→ **WHAT IS BEING ASKED**: Find the line with "39219010(2004stop)离子交换膜进口2000年月度走势图" in the entries below, then output every line from it down to the line with "千葉県君津市法木作１丁目１０番４ 公示地価 地価推移[1996-1997]", exactly and with no pictures.

→ **STORED DATA**:
____________

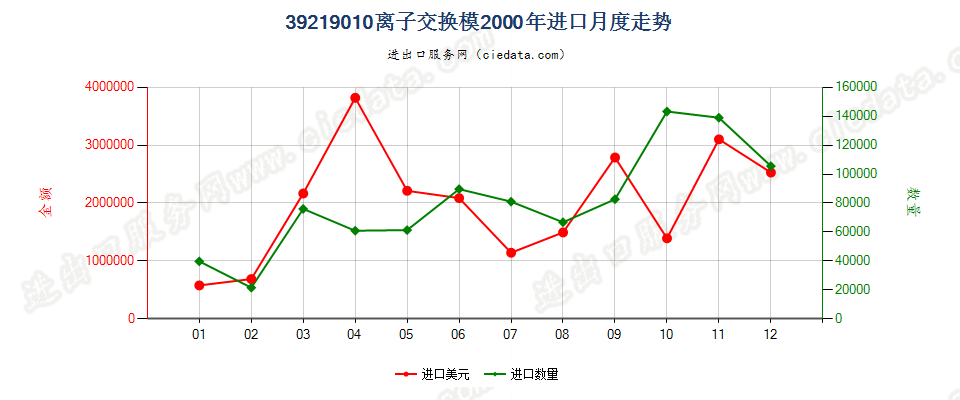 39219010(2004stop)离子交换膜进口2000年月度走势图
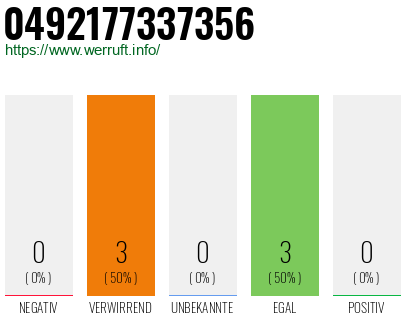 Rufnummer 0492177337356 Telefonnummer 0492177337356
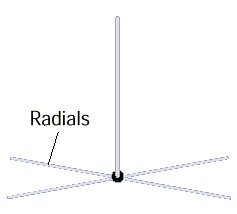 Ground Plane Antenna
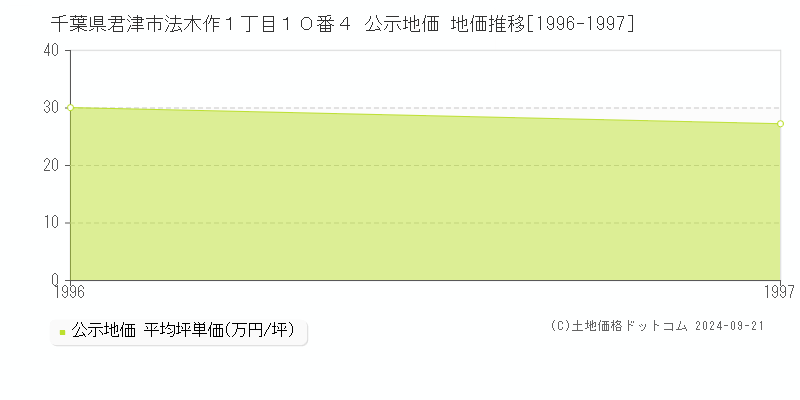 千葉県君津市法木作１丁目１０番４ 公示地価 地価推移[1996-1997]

____________

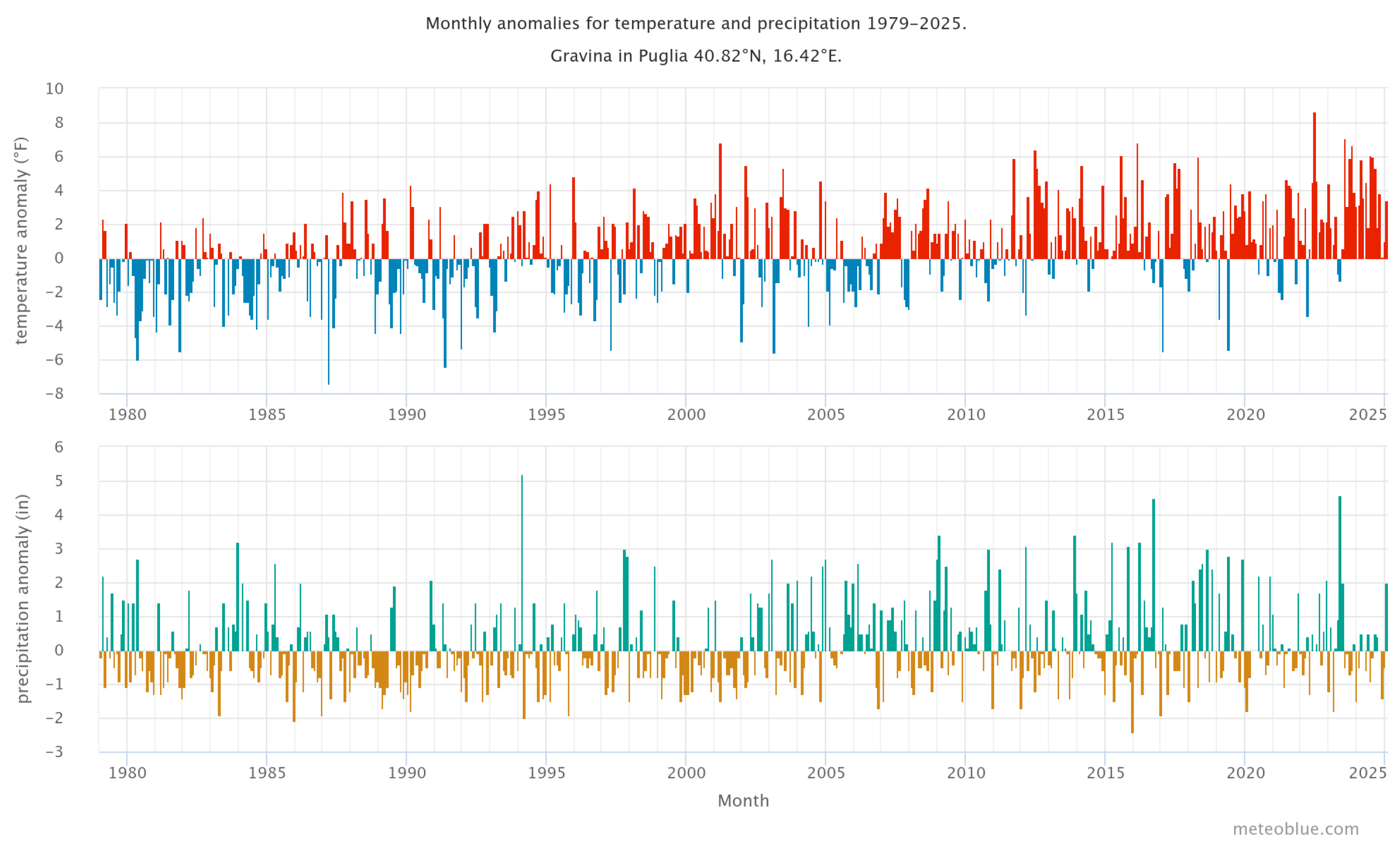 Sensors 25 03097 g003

____________

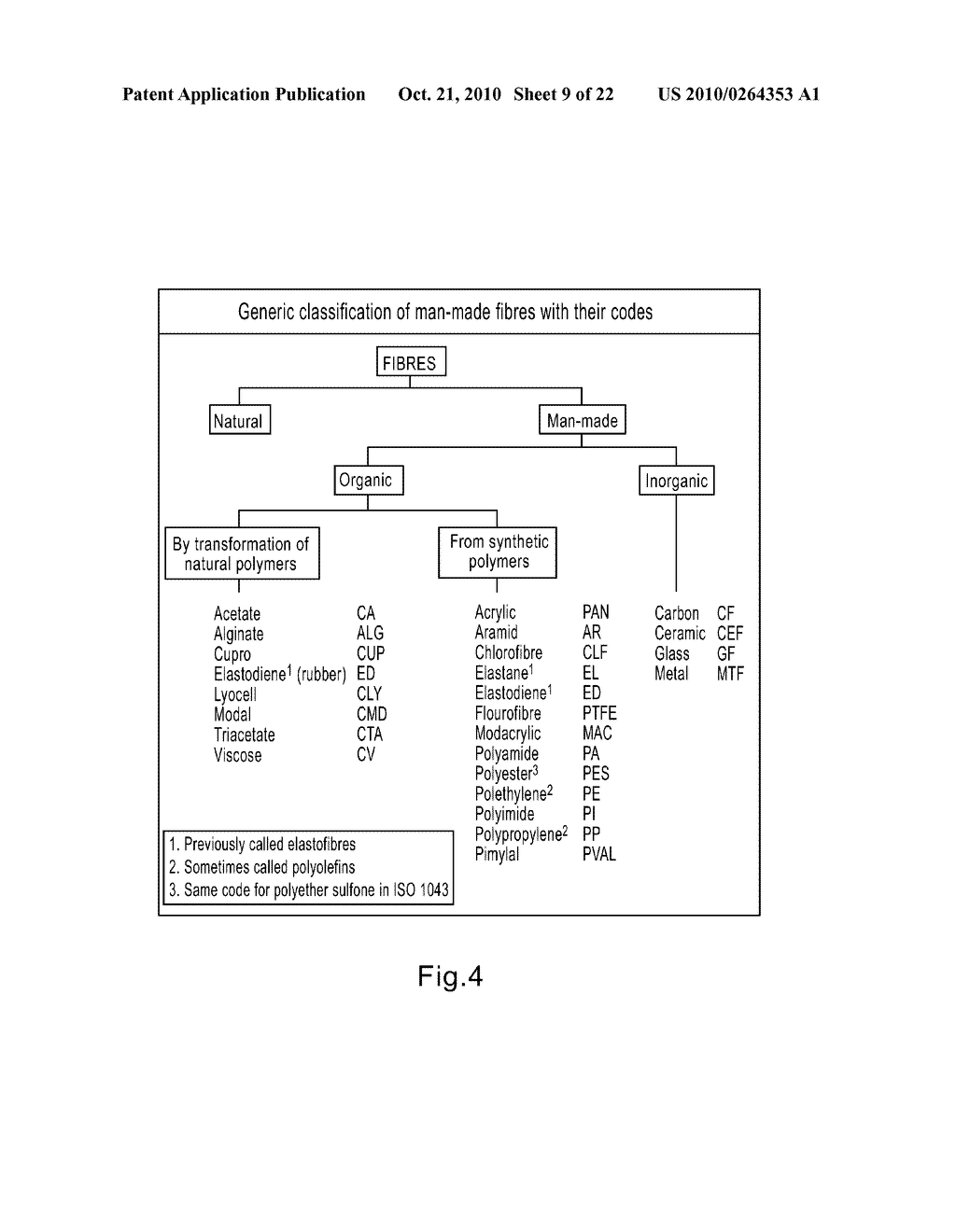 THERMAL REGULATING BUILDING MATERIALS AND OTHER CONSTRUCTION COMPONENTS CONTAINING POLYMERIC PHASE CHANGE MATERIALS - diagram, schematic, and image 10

____________

→ **RESPONSE AREA**:
 39219010(2004stop)离子交换膜进口2000年月度走势图
 Rufnummer 0492177337356 Telefonnummer 0492177337356
 Ground Plane Antenna
 千葉県君津市法木作１丁目１０番４ 公示地価 地価推移[1996-1997]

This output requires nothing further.